SUPPLIED MATERIAL -
::::::::
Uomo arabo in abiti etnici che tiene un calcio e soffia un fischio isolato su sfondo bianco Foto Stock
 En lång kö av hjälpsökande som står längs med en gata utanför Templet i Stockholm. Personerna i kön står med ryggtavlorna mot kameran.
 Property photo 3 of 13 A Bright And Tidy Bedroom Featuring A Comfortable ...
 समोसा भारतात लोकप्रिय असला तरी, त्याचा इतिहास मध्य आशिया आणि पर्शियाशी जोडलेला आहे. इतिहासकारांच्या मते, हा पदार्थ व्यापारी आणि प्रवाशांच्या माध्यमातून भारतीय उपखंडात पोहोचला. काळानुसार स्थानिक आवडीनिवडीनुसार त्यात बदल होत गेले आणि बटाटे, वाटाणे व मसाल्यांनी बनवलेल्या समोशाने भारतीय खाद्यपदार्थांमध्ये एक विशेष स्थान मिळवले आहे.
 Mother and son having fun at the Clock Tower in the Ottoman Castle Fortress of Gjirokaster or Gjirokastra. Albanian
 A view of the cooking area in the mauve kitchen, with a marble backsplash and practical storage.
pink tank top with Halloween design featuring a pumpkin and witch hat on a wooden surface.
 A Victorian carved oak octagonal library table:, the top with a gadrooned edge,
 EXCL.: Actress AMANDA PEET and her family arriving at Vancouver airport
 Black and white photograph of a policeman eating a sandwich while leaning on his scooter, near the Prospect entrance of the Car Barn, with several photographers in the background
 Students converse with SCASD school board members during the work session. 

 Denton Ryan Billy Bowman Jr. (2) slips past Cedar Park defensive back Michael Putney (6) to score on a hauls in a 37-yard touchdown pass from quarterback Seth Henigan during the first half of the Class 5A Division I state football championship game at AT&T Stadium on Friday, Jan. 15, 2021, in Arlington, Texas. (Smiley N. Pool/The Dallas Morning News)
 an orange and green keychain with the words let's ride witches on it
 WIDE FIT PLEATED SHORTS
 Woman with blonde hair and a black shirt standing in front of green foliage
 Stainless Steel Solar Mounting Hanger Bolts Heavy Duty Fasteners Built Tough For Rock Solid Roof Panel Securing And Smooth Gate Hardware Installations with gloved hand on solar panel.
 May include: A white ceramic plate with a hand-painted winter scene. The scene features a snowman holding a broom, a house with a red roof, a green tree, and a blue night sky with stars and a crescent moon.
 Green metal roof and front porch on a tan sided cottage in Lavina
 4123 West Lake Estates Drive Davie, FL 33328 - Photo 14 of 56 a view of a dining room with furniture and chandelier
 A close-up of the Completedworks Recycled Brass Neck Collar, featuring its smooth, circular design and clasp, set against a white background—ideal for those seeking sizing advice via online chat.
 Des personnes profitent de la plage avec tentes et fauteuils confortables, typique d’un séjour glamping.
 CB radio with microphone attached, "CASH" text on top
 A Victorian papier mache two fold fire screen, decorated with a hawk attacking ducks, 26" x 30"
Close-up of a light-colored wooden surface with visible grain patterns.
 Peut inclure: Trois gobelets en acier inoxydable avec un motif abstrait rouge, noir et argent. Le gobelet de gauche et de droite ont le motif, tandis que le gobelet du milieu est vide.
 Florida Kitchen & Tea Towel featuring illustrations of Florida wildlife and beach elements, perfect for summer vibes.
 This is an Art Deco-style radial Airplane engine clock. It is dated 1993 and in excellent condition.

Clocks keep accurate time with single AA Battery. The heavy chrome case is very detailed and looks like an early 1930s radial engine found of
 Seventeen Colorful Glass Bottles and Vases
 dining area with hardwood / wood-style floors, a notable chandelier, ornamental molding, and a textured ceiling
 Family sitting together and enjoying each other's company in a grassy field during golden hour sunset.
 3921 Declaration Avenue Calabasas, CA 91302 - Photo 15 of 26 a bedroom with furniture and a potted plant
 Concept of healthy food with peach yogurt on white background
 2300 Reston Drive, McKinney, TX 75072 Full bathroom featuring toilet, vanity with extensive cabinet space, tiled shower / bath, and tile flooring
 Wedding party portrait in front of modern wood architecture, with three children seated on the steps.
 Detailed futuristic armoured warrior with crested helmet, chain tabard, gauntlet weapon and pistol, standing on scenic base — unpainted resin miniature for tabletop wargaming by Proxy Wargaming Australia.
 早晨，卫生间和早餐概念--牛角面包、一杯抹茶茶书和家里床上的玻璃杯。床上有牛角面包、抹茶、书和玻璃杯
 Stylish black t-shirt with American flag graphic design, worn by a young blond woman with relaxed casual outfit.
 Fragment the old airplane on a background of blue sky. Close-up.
::::::::
WHAT THE TASK REQUIRES - The answer should be an exact reproduction of all the entries.

RESPONSE TO THE TASK -
Uomo arabo in abiti etnici che tiene un calcio e soffia un fischio isolato su sfondo bianco Foto Stock
 En lång kö av hjälpsökande som står längs med en gata utanför Templet i Stockholm. Personerna i kön står med ryggtavlorna mot kameran.
 Property photo 3 of 13 A Bright And Tidy Bedroom Featuring A Comfortable ...
 समोसा भारतात लोकप्रिय असला तरी, त्याचा इतिहास मध्य आशिया आणि पर्शियाशी जोडलेला आहे. इतिहासकारांच्या मते, हा पदार्थ व्यापारी आणि प्रवाशांच्या माध्यमातून भारतीय उपखंडात पोहोचला. काळानुसार स्थानिक आवडीनिवडीनुसार त्यात बदल होत गेले आणि बटाटे, वाटाणे व मसाल्यांनी बनवलेल्या समोशाने भारतीय खाद्यपदार्थांमध्ये एक विशेष स्थान मिळवले आहे.
 Mother and son having fun at the Clock Tower in the Ottoman Castle Fortress of Gjirokaster or Gjirokastra. Albanian
 A view of the cooking area in the mauve kitchen, with a marble backsplash and practical storage.
pink tank top with Halloween design featuring a pumpkin and witch hat on a wooden surface.
 A Victorian carved oak octagonal library table:, the top with a gadrooned edge,
 EXCL.: Actress AMANDA PEET and her family arriving at Vancouver airport
 Black and white photograph of a policeman eating a sandwich while leaning on his scooter, near the Prospect entrance of the Car Barn, with several photographers in the background
 Students converse with SCASD school board members during the work session. 

 Denton Ryan Billy Bowman Jr. (2) slips past Cedar Park defensive back Michael Putney (6) to score on a hauls in a 37-yard touchdown pass from quarterback Seth Henigan during the first half of the Class 5A Division I state football championship game at AT&T Stadium on Friday, Jan. 15, 2021, in Arlington, Texas. (Smiley N. Pool/The Dallas Morning News)
 an orange and green keychain with the words let's ride witches on it
 WIDE FIT PLEATED SHORTS
 Woman with blonde hair and a black shirt standing in front of green foliage
 Stainless Steel Solar Mounting Hanger Bolts Heavy Duty Fasteners Built Tough For Rock Solid Roof Panel Securing And Smooth Gate Hardware Installations with gloved hand on solar panel.
 May include: A white ceramic plate with a hand-painted winter scene. The scene features a snowman holding a broom, a house with a red roof, a green tree, and a blue night sky with stars and a crescent moon.
 Green metal roof and front porch on a tan sided cottage in Lavina
 4123 West Lake Estates Drive Davie, FL 33328 - Photo 14 of 56 a view of a dining room with furniture and chandelier
 A close-up of the Completedworks Recycled Brass Neck Collar, featuring its smooth, circular design and clasp, set against a white background—ideal for those seeking sizing advice via online chat.
 Des personnes profitent de la plage avec tentes et fauteuils confortables, typique d’un séjour glamping.
 CB radio with microphone attached, "CASH" text on top
 A Victorian papier mache two fold fire screen, decorated with a hawk attacking ducks, 26" x 30"
Close-up of a light-colored wooden surface with visible grain patterns.
 Peut inclure: Trois gobelets en acier inoxydable avec un motif abstrait rouge, noir et argent. Le gobelet de gauche et de droite ont le motif, tandis que le gobelet du milieu est vide.
 Florida Kitchen & Tea Towel featuring illustrations of Florida wildlife and beach elements, perfect for summer vibes.
 This is an Art Deco-style radial Airplane engine clock. It is dated 1993 and in excellent condition.

Clocks keep accurate time with single AA Battery. The heavy chrome case is very detailed and looks like an early 1930s radial engine found of
 Seventeen Colorful Glass Bottles and Vases
 dining area with hardwood / wood-style floors, a notable chandelier, ornamental molding, and a textured ceiling
 Family sitting together and enjoying each other's company in a grassy field during golden hour sunset.
 3921 Declaration Avenue Calabasas, CA 91302 - Photo 15 of 26 a bedroom with furniture and a potted plant
 Concept of healthy food with peach yogurt on white background
 2300 Reston Drive, McKinney, TX 75072 Full bathroom featuring toilet, vanity with extensive cabinet space, tiled shower / bath, and tile flooring
 Wedding party portrait in front of modern wood architecture, with three children seated on the steps.
 Detailed futuristic armoured warrior with crested helmet, chain tabard, gauntlet weapon and pistol, standing on scenic base — unpainted resin miniature for tabletop wargaming by Proxy Wargaming Australia.
 早晨，卫生间和早餐概念--牛角面包、一杯抹茶茶书和家里床上的玻璃杯。床上有牛角面包、抹茶、书和玻璃杯
 Stylish black t-shirt with American flag graphic design, worn by a young blond woman with relaxed casual outfit.
 Fragment the old airplane on a background of blue sky. Close-up.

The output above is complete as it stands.